Top of MATERIAL PROVIDED

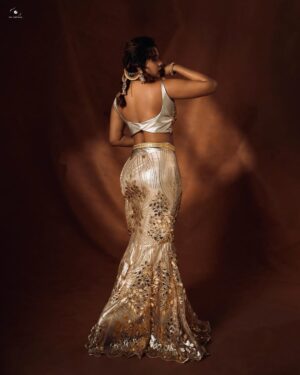 veena jessi Instagram - Thangam ✨

Shot by @picartisan 📷 
Styling & blouse ME 💁🏻‍♀️
Skirt @the_ravikkai_store ✨
Makeup & hair @shira_artistry 💄 

#fashiongram #styleinspo #indianweddingwear #goldenlehenga #jahnvilapoor #recreation #indianfashion #indianwear #chennaiblogger #trending #explorepage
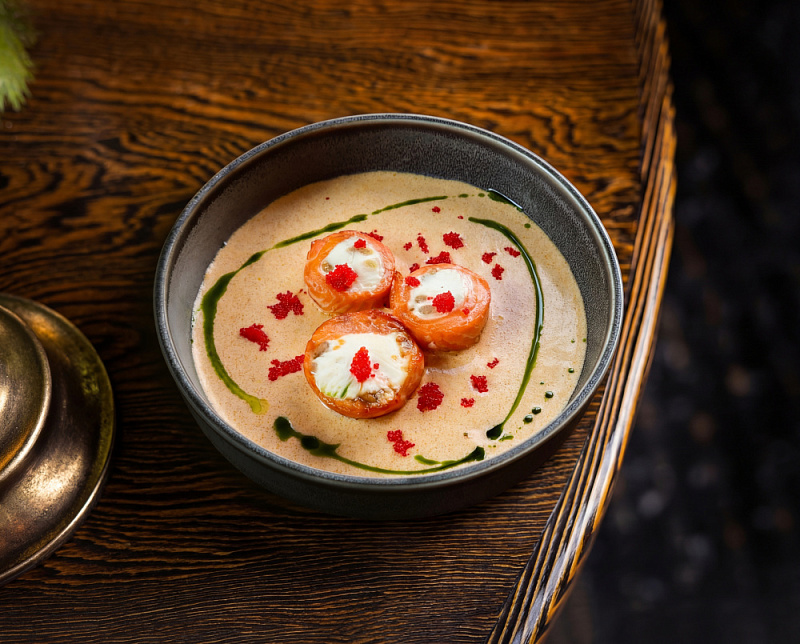 Рулетики из лосося и сливочного сыра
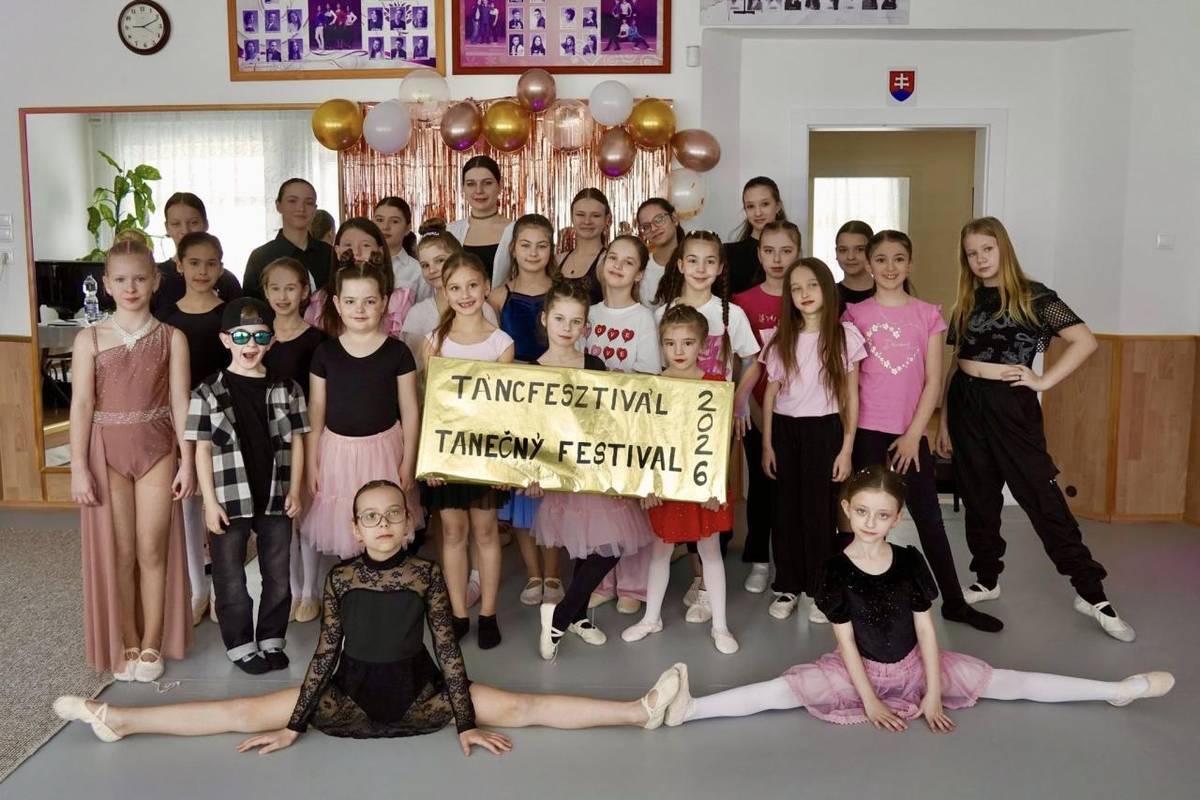 Pred pár dňami sa na Základnej umeleckej škole v Kolárove konal hudobno-tanečný festival, kde deti ukázali svoj talent. Je radosť vidieť, že je medzi deťmi taký veľký záujem o pohyb a hudbu.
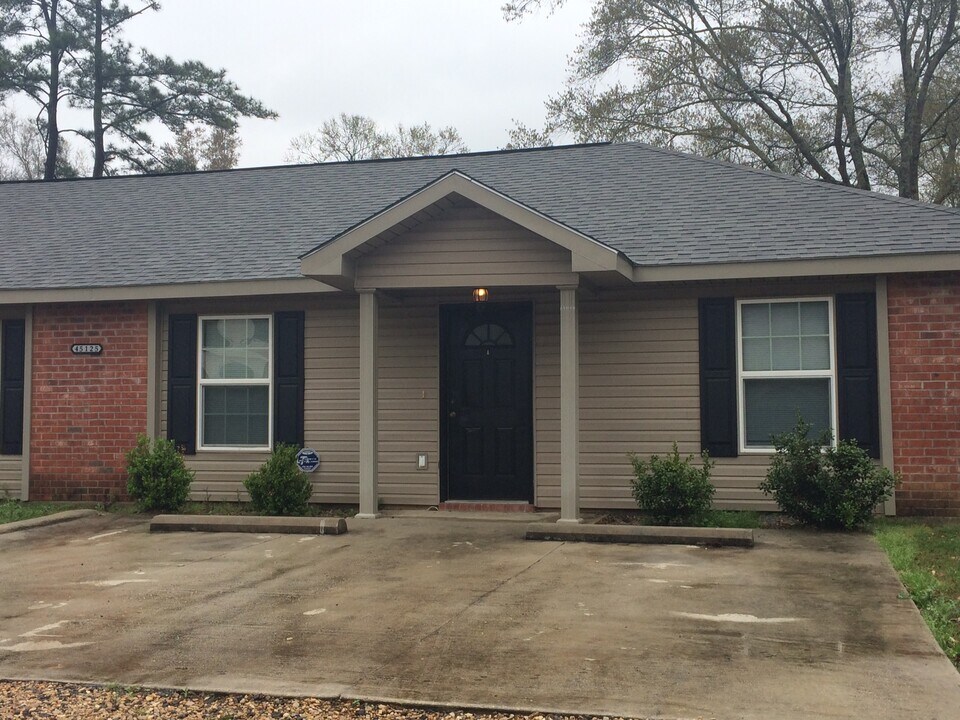 45125 Durbin Rd in Hammond, LA - Building Photo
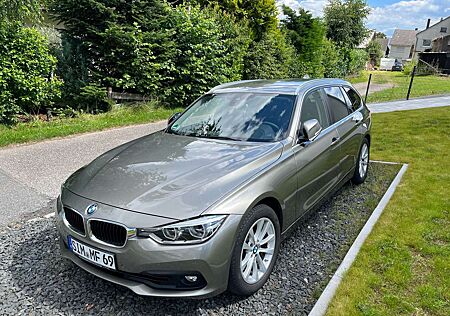 BMW 330i 330 Touring Aut. Luxury Line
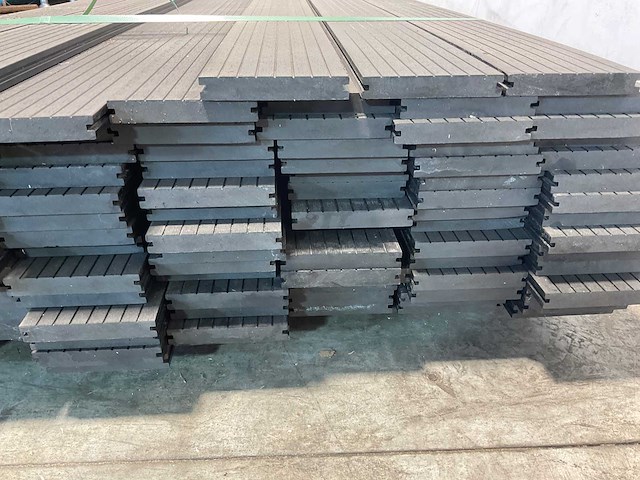 Vlonderplank composiet massief 420x25x2,2 cm antraciet (40x) - afbeelding 6 van  8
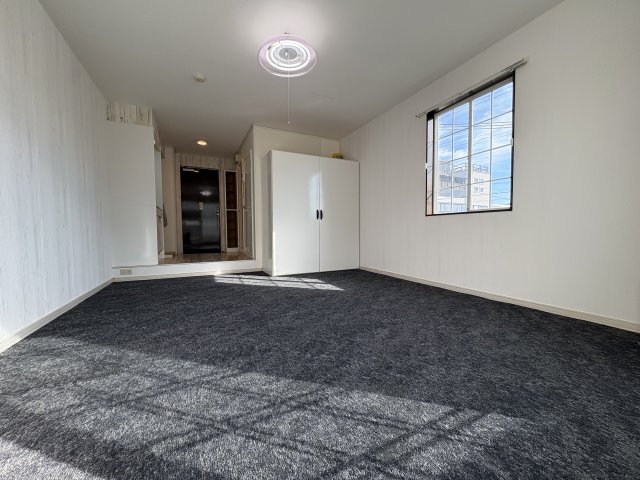 居室・リビング　角部屋ならではの出窓つき♪より日差しが差し込み明るいですよ♪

Bottom of MATERIAL PROVIDED

Look for the line that contains "45125 Durbin Rd", then please copy it and the rest of the lines through the end of the data, pictures excluded.

RESPONSE BELOW:
 45125 Durbin Rd in Hammond, LA - Building Photo
 BMW 330i 330 Touring Aut. Luxury Line
 Vlonderplank composiet massief 420x25x2,2 cm antraciet (40x) - afbeelding 6 van  8
 居室・リビング　角部屋ならではの出窓つき♪より日差しが差し込み明るいですよ♪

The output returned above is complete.